[Eight Cousins by Louisa M. Alcott]@TWC D-Link bookEight Cousins CHAPTER 14--A Happy Birthday 8/13
He prescribed one pellet with an unpronounceable name, and left after demanding twenty dollars for his brief visit. The pellet was administered, and such awful agonies immediately set in that the distracted mamma bade a sympathetic neighbour run for Mother Know-all.
The neighbour ran, and in came a brisk little old lady in cap and specs, with a bundle of herbs under her arm, which she at once applied in all sorts of funny ways, explaining their virtues as she clapped a plantain poultice here, put a pounded catnip plaster there, or tied a couple of mullein leaves round the sufferer's throat.
Instant relief ensued, the dying child sat up and demanded baked beans.
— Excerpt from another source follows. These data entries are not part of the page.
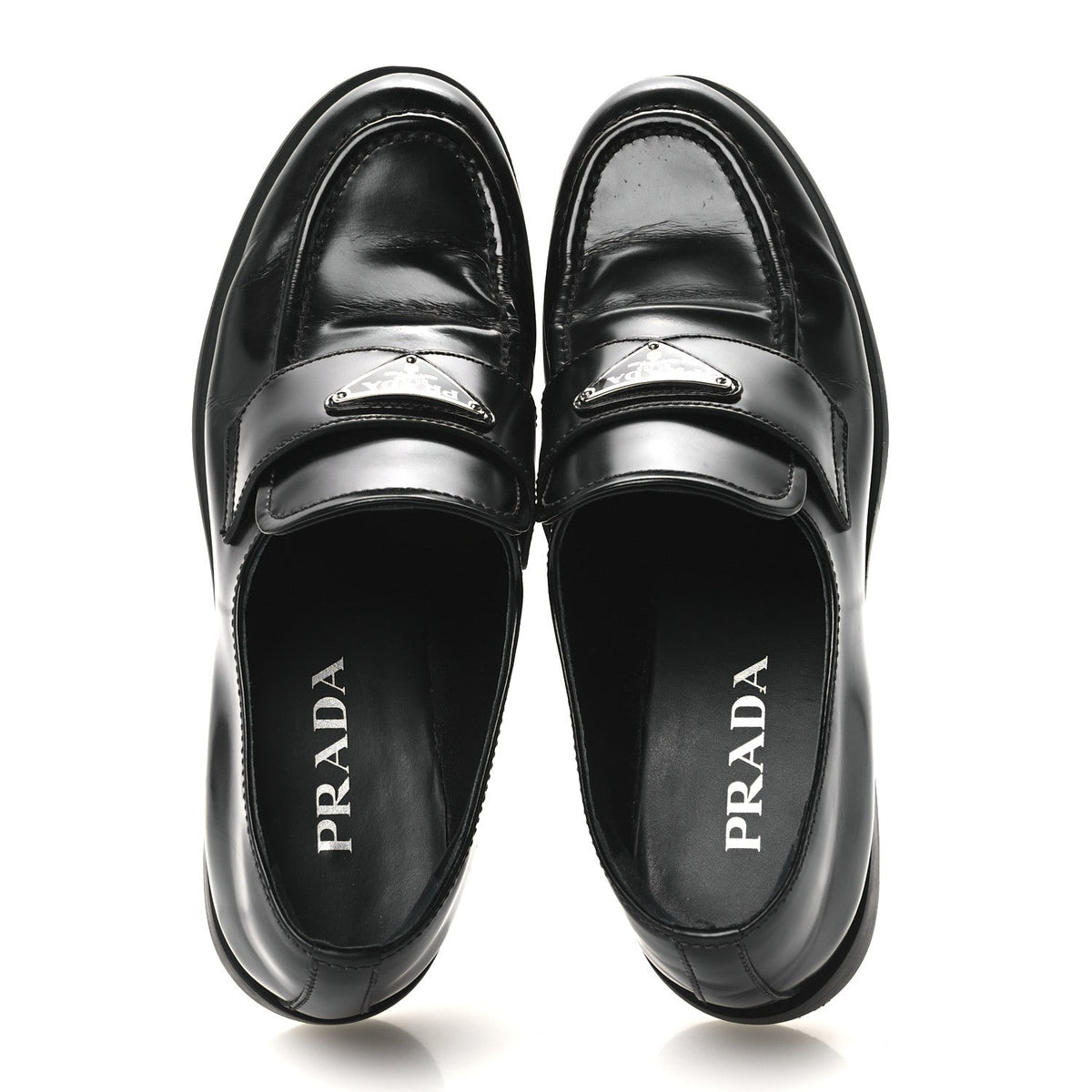 Prada Spazzolato Women's Metal Triangle Logo 20mm Loafers 40 Black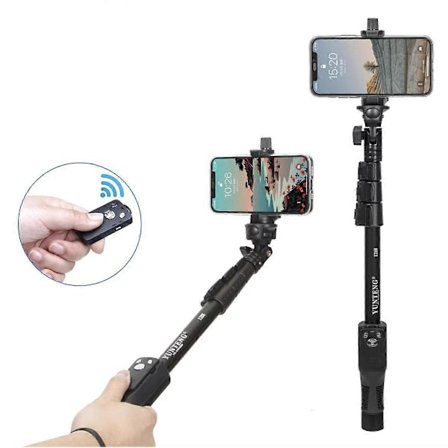 YUNTENG 1288 Justerbar 127 cm Aluminiumlegering Selfie Stick med Bluetooth Fjärrkontroll för Smartphones & Kameror-Perfekt
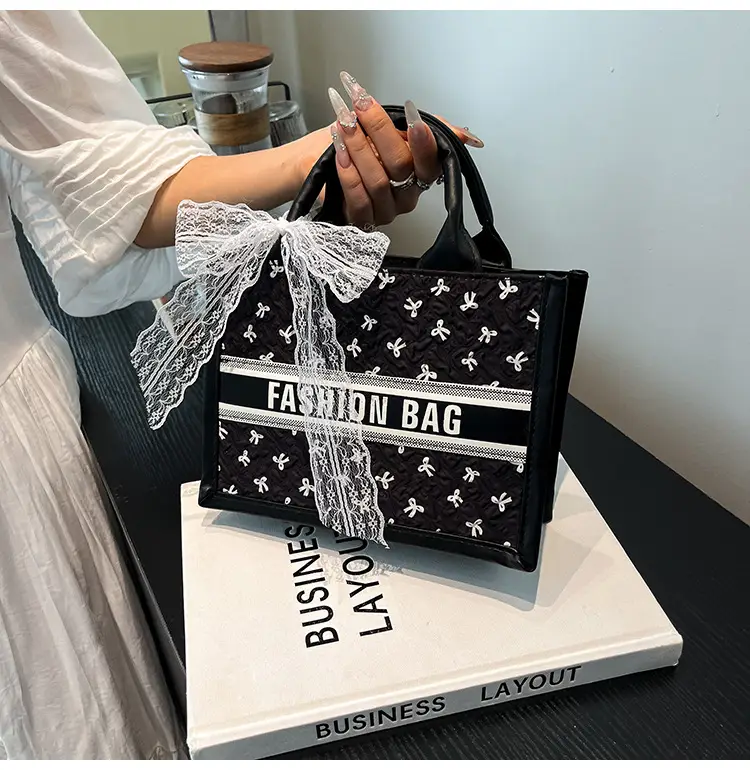 Women's Personalized Black Lace Shoulder Bag — feature 10
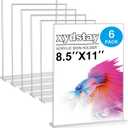 xydstay 6pack Acrylic Sign Holder 8.5 X 11, Vertical T Shape Clear Plastic Menu Holder, Unbreakable Table Sign for Restaurant, Office, School, Store and Home Use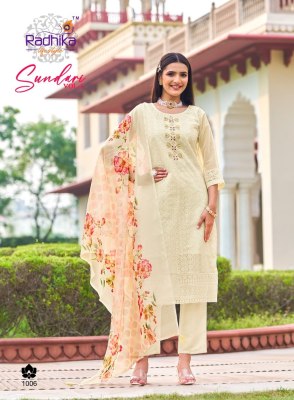 Sundari vol 1 by Radhika life style Pure organza hand work kurti pant and dupatta catalogue at affordable rate readymade suit catalogs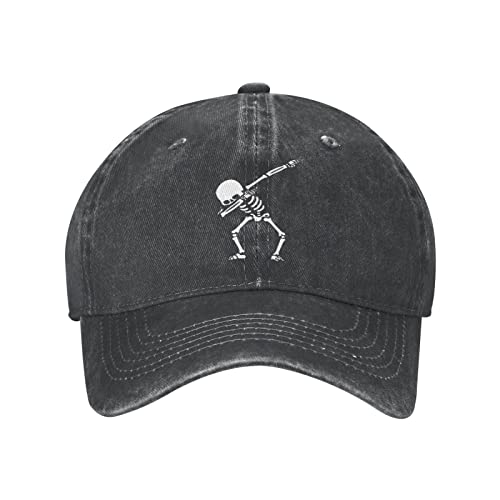 Allgobee Trucker Hat Dabbing Skeleton Dab Hip Hop Halloween Novelty Hats Adjustable Dad Caps Snapback Baseball Cap Black thumb #2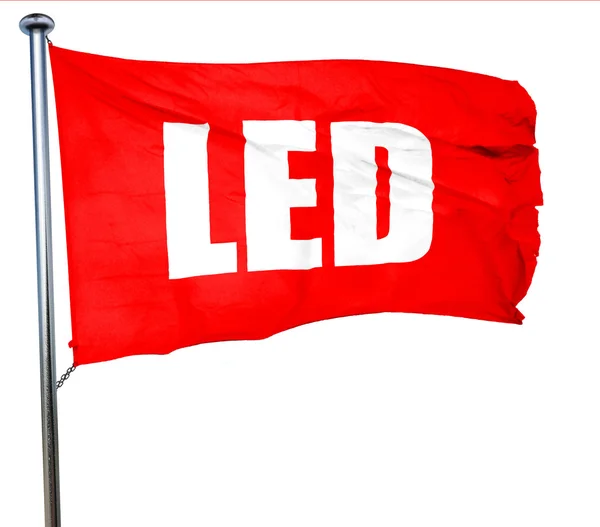 Led, rendu 3D, un drapeau rouge — Photo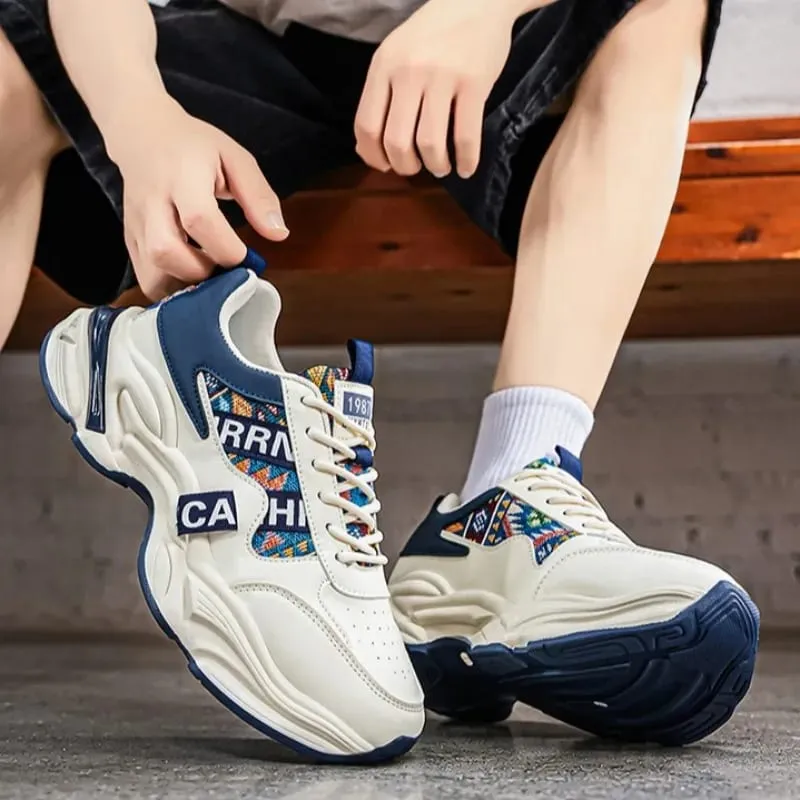 2026 Men Korean High Top Sneakers Spring Breathable Anti Slip Platform Running Shoes Outdoor Wear-resistant Running Sports Shoes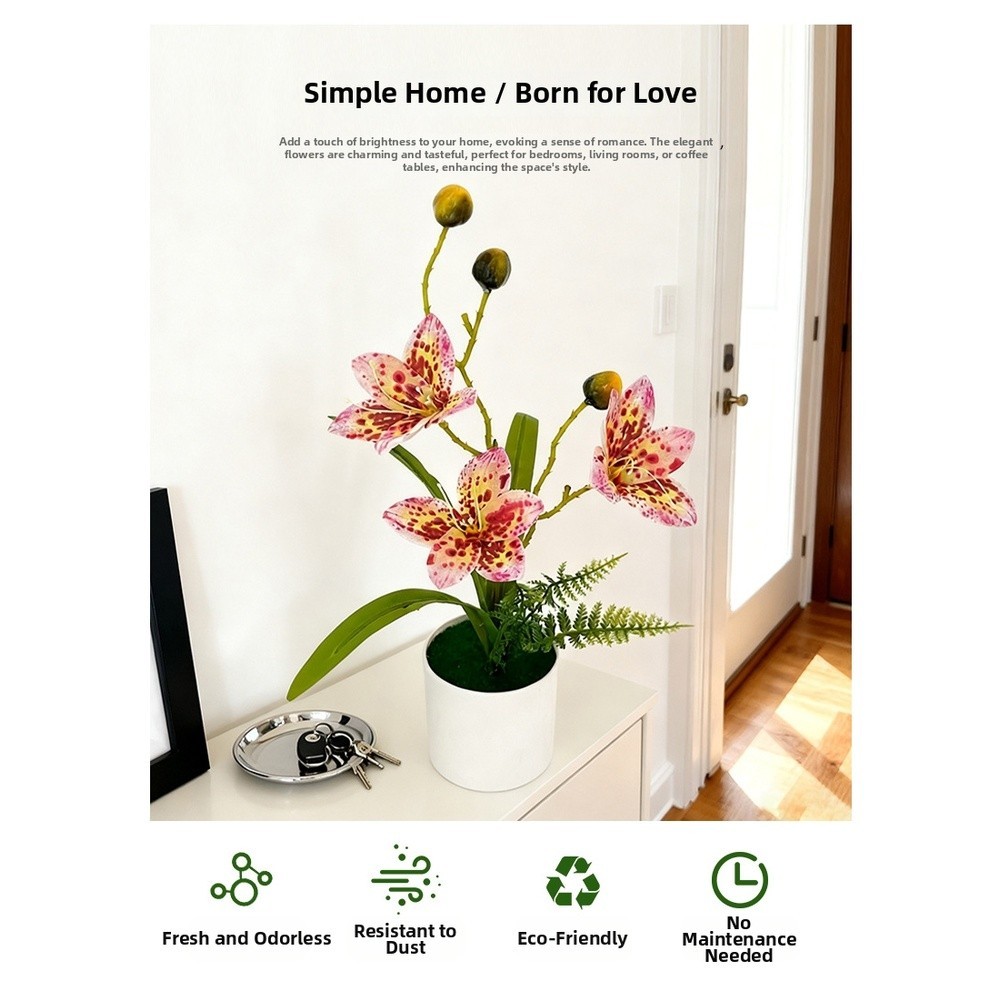 Plastic Artificial Magnolia Bonsai Flower White Pink Red Spots Yellow 8 8 31 cm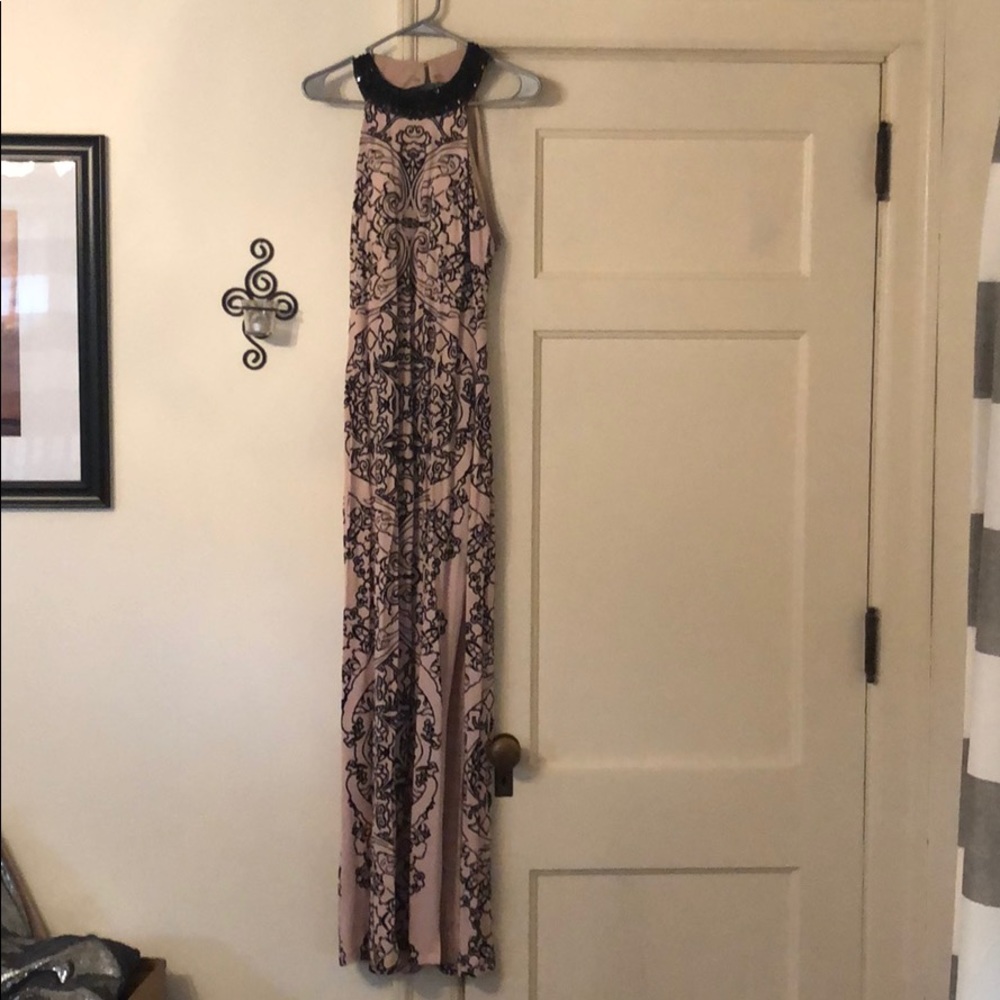 Long dusty rose and black gown size 11/12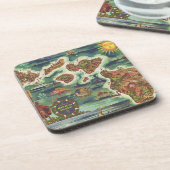 1950年のドール地図 ハワイ ジョセフ・フェアー 油彩画 コースター (左側)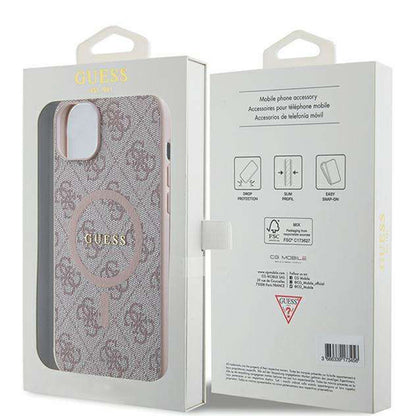 Θήκη MagSafe για Apple iPhone 14, Guess, 4G Ring Classic Logo, Ροζ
The grateful parent offered fifty dollars; but Mother Know-all indignantly refused it and went smiling away, declaring that a neighbourly turn needed no reward, and a doctor's fee was all a humbug. The audience were in fits of laughter over this scene, for Rose imitated Mrs.Atkinson capitally, and the herb cure was a good hit at the excellent lady's belief that "yarbs" would save mankind if properly applied.
No one enjoyed it more than herself, and the saucy children prepared for the grand finale in high feather. This closing scene was brief but striking, for two trains of cars whizzed in from opposite sides, met with a terrible collision in the middle of the stage, and a general smash-up completed the word catastrophe. "Now let us act a proverb.